WHAT YOU HAVE TO DO
I need an exact copy of the lines from the one containing "Mobile Phone Ring Stand in Gold" through the end of the records, without any pictures.

DATA RECORDS
[Start of section]
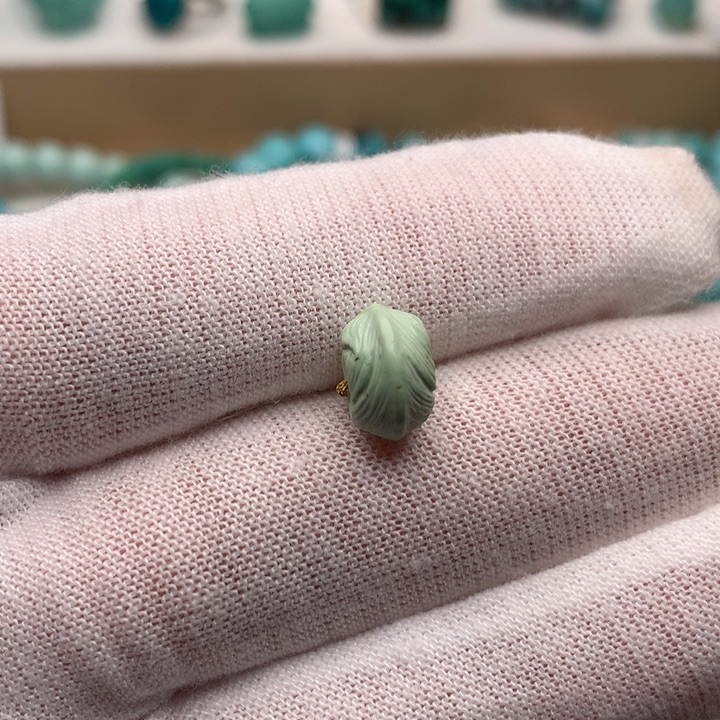 绿松石未镶嵌珠宝奇石9.8mm
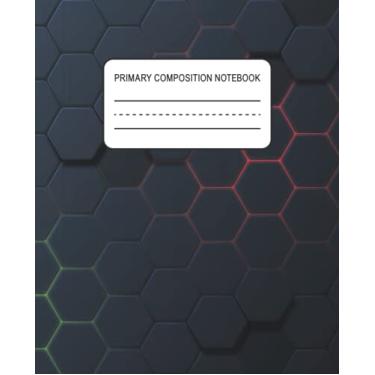 Imagem de Primary Composition Notebook: Wide Ruled Paper Notebook Journal | Pretty Black Green Blue Red Light box | Blank Wide Lined Workbook for Girls Boys Kids Teens Students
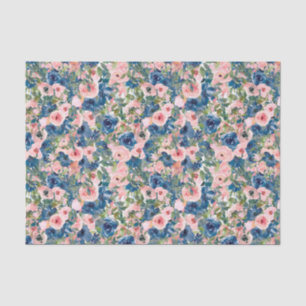 elegant watercolor floral Garden Wedding  Tissue Paper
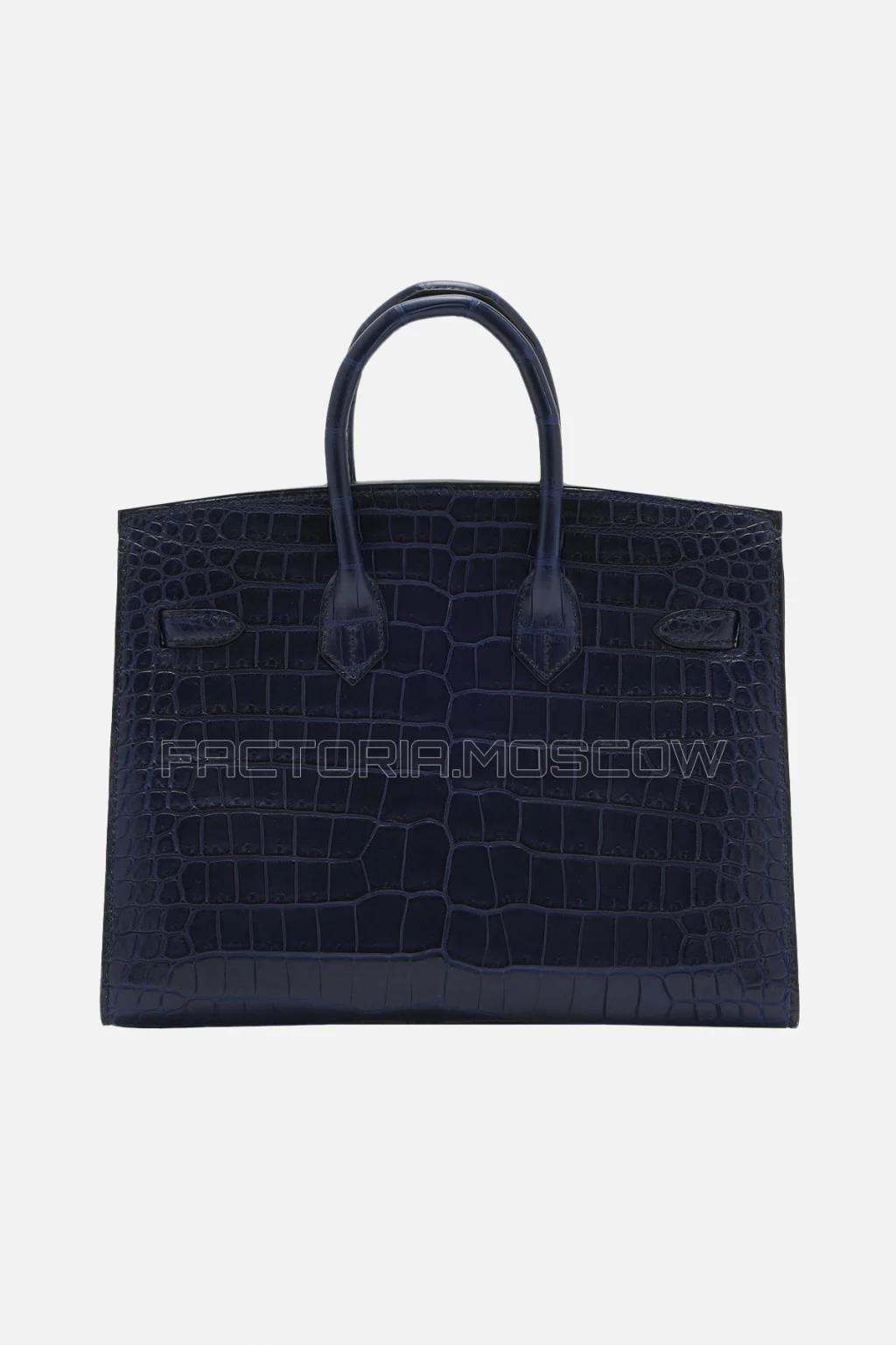 Hermes Birkin Sellier 25 Porosus Crocodile Blue Marine PHW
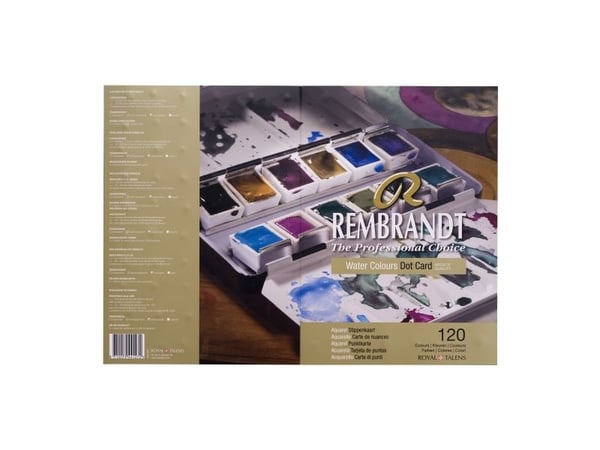Rembrandt vattenfärg dotcard 120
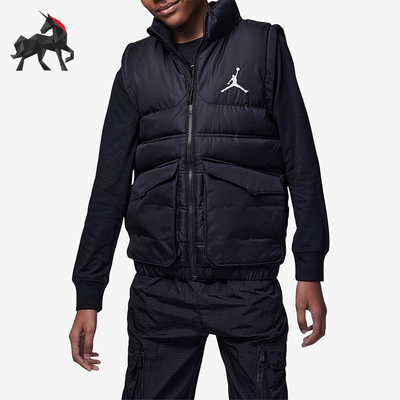 耐克正品大童保暖运动马甲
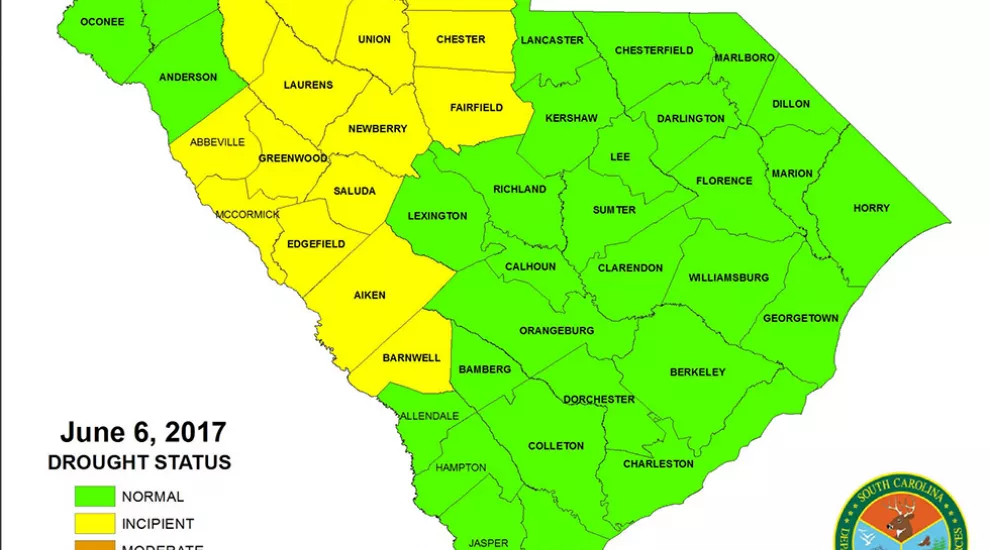 All counties within the state are now in normal or incipient drought status.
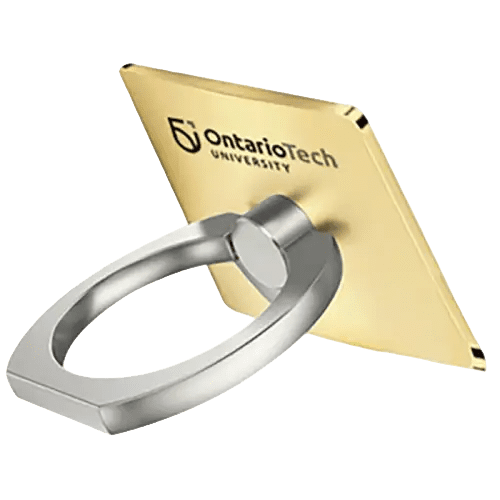 Mobile Phone Ring Stand in Gold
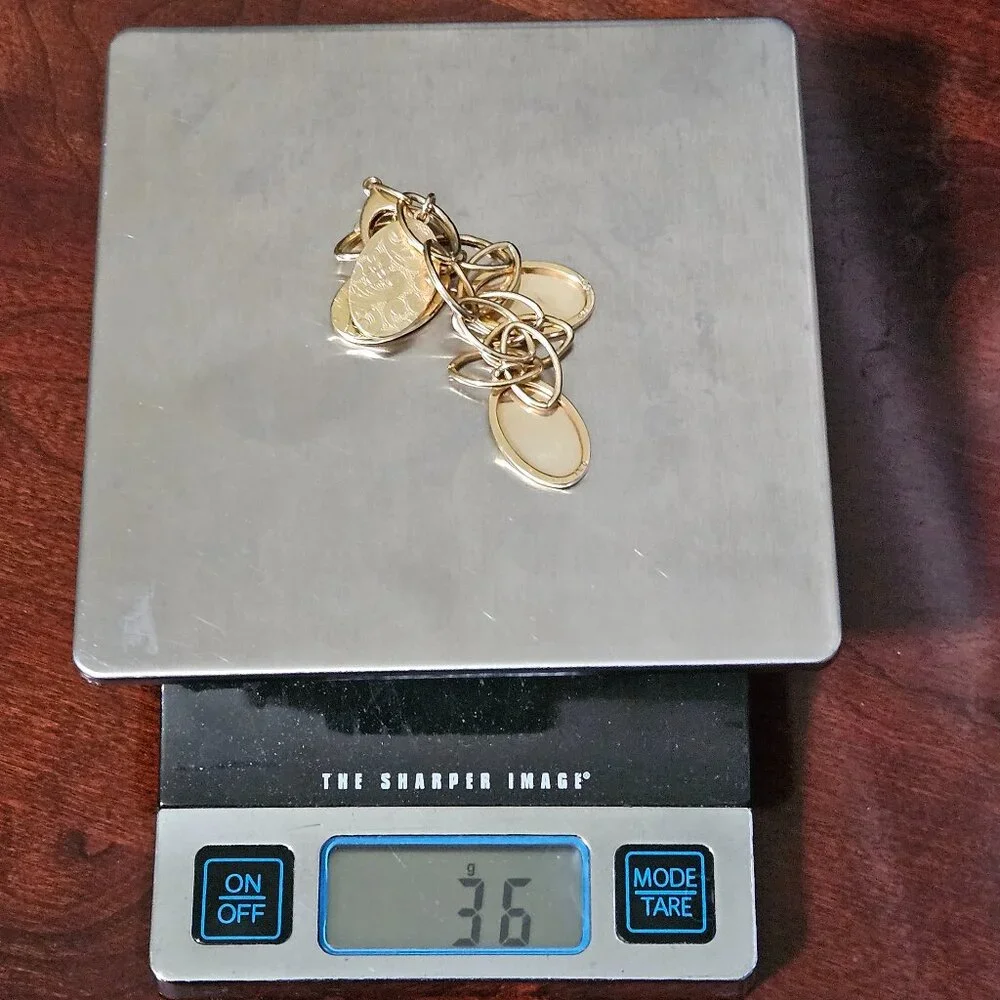 RARE MONICA RICH KOSANN FLORAL SCROLL OVAL 18K CHARM LOCKET PENDANT BRACELET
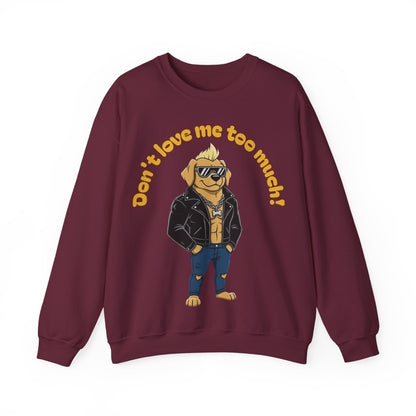 Cool Dog Unisex Heavy Blend Crewneck Sweatshirt style 2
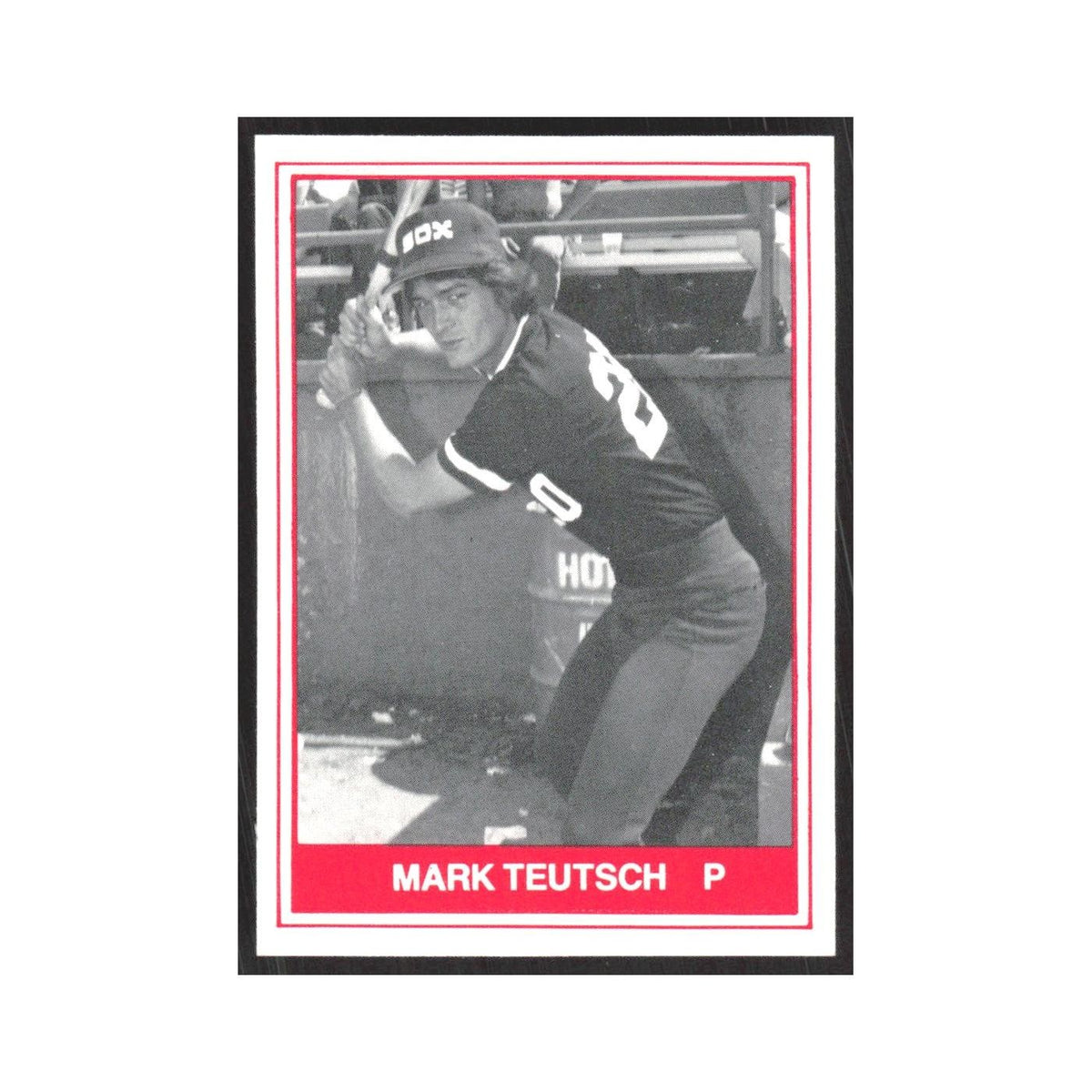 1982 TCMA Minor League Mark Teutsch Glens Falls White Sox #23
[End of section]
EXERCISE RESULT
 Mobile Phone Ring Stand in Gold
 RARE MONICA RICH KOSANN FLORAL SCROLL OVAL 18K CHARM LOCKET PENDANT BRACELET
 Cool Dog Unisex Heavy Blend Crewneck Sweatshirt style 2
 1982 TCMA Minor League Mark Teutsch Glens Falls White Sox #23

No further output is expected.